• **Record set**
********

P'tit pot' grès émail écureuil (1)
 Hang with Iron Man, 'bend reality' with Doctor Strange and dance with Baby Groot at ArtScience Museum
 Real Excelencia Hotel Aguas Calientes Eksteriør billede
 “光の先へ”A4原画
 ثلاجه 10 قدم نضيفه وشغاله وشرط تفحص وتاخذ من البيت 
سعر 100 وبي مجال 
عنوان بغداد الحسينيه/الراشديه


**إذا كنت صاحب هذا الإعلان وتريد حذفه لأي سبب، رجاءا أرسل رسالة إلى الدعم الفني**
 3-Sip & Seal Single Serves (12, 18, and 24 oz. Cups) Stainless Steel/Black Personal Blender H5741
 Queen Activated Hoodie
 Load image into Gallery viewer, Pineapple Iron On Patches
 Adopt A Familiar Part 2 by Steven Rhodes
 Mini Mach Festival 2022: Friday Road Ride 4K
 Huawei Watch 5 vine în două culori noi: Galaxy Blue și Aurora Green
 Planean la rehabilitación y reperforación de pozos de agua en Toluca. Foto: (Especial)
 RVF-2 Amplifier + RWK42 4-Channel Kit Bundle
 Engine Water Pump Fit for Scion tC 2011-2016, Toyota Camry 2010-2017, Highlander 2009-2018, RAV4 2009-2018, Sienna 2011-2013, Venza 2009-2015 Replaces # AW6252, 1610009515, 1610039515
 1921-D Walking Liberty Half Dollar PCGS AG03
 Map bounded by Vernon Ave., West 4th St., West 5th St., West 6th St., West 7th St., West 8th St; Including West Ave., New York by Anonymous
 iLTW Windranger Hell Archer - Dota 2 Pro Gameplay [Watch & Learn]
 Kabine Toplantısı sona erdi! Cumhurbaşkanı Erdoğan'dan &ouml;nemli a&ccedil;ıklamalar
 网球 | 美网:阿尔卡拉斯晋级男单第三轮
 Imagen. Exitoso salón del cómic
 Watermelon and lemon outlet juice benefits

********

• **What the task requires**
The answer is the records above restated word for word from their opening line through the line that holds "Load image into", both included, and nothing else.

• **Finished exercise**
P'tit pot' grès émail écureuil (1)
 Hang with Iron Man, 'bend reality' with Doctor Strange and dance with Baby Groot at ArtScience Museum
 Real Excelencia Hotel Aguas Calientes Eksteriør billede
 “光の先へ”A4原画
 ثلاجه 10 قدم نضيفه وشغاله وشرط تفحص وتاخذ من البيت 
سعر 100 وبي مجال 
عنوان بغداد الحسينيه/الراشديه


**إذا كنت صاحب هذا الإعلان وتريد حذفه لأي سبب، رجاءا أرسل رسالة إلى الدعم الفني**
 3-Sip & Seal Single Serves (12, 18, and 24 oz. Cups) Stainless Steel/Black Personal Blender H5741
 Queen Activated Hoodie
 Load image into Gallery viewer, Pineapple Iron On Patches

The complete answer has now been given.